Wijk Aan Zee in progress
Both sides have been going thru the motions of trying to gain and occupy valuable squares. Black seems content with his firm control over c4 and Queenside pressure. White has managed to place his Knight on the important square f5, which my blog readers will no doubt recognize as a motif that occurs more often in the Spanish Opening. The presence of a weakness on h6 must have been underestimated by Karjakin.
27. Qd1 !!
A nice quiet move that effectively decides the game. The Queen can not be stopped from going to g4 (or h5, depending on how Black reacts) where she will join the armada (Knight on f5, Bishops on f4 and d3) and mount a decisive attack.
Black must not be tempted by 27…Nb2 (?) as after 28.Nxh6-ch! PxN 29.Qg4-ch Black will not see the endgame, as the readers can easily enough verify.
Karjakin therefore takes immediate defensive measures with the next moves, but it is already too late.
27… Rfe8 28. Qg4 Kf8
Not sufficient , either, was trying to go the other way: 28… Kh8 29. Rxe8 Rxe8 30. Nxh6 gh 31. Qf5 when Black collapses.

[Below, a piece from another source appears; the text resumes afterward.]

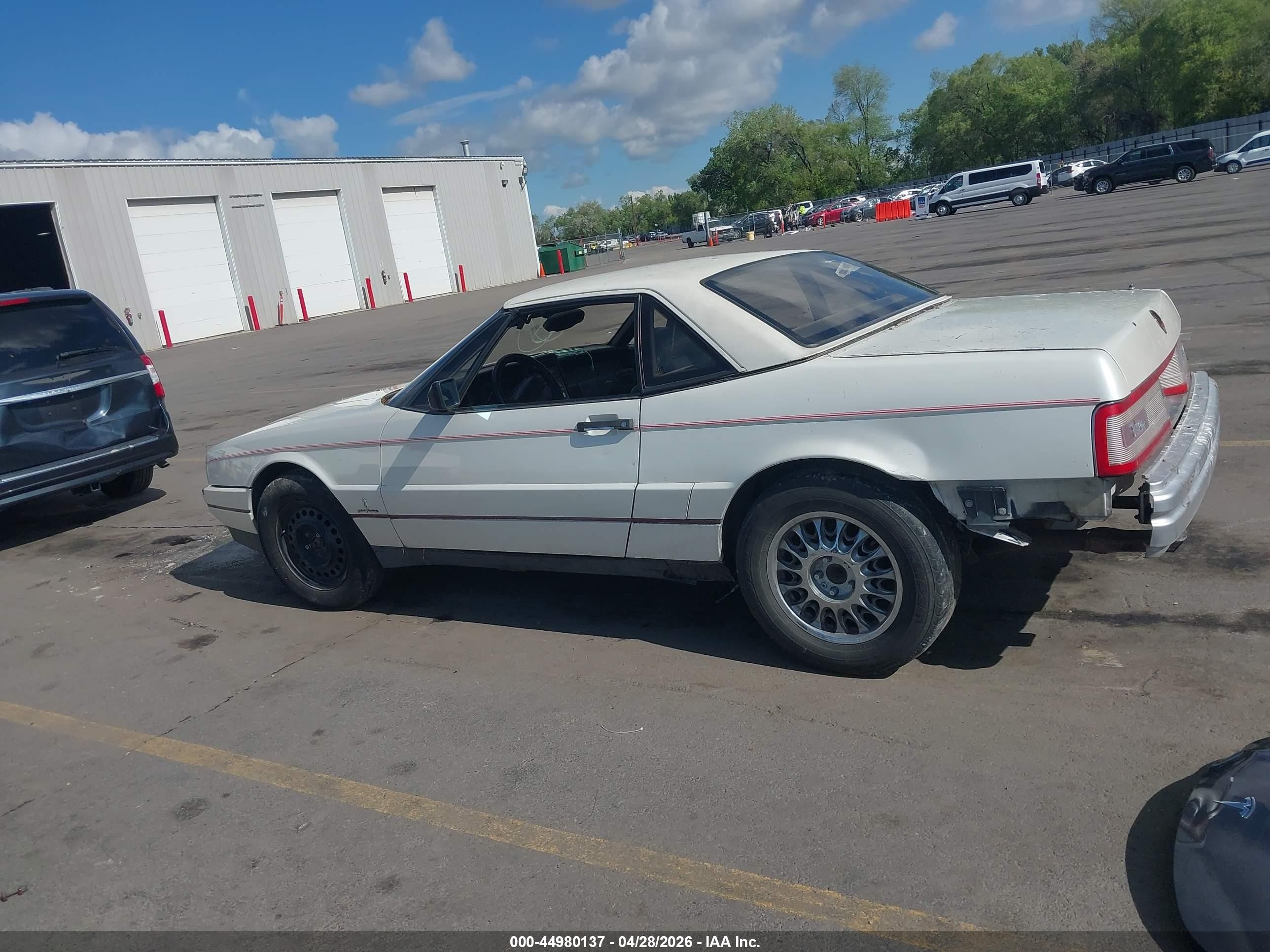 1990 Cadillac Allante   White vin: 1G6VS3387LU127153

29. Bd6 [ Also good enough is the immediate 29. Rxe8 Rxe8 30. Bd6! Nxd6 31. Nxd6] 29… Nxd6 30. Nxd6 Rxe1 31. Rxe1 Qc7
Pretty! The mate threat on e8 forces Black to exchange Queens after which the ending is a relatively boring technical exercise. Curiously, 32.Nxc8 might have won faster! But who can fault the Italian star from wanting to please the spectators?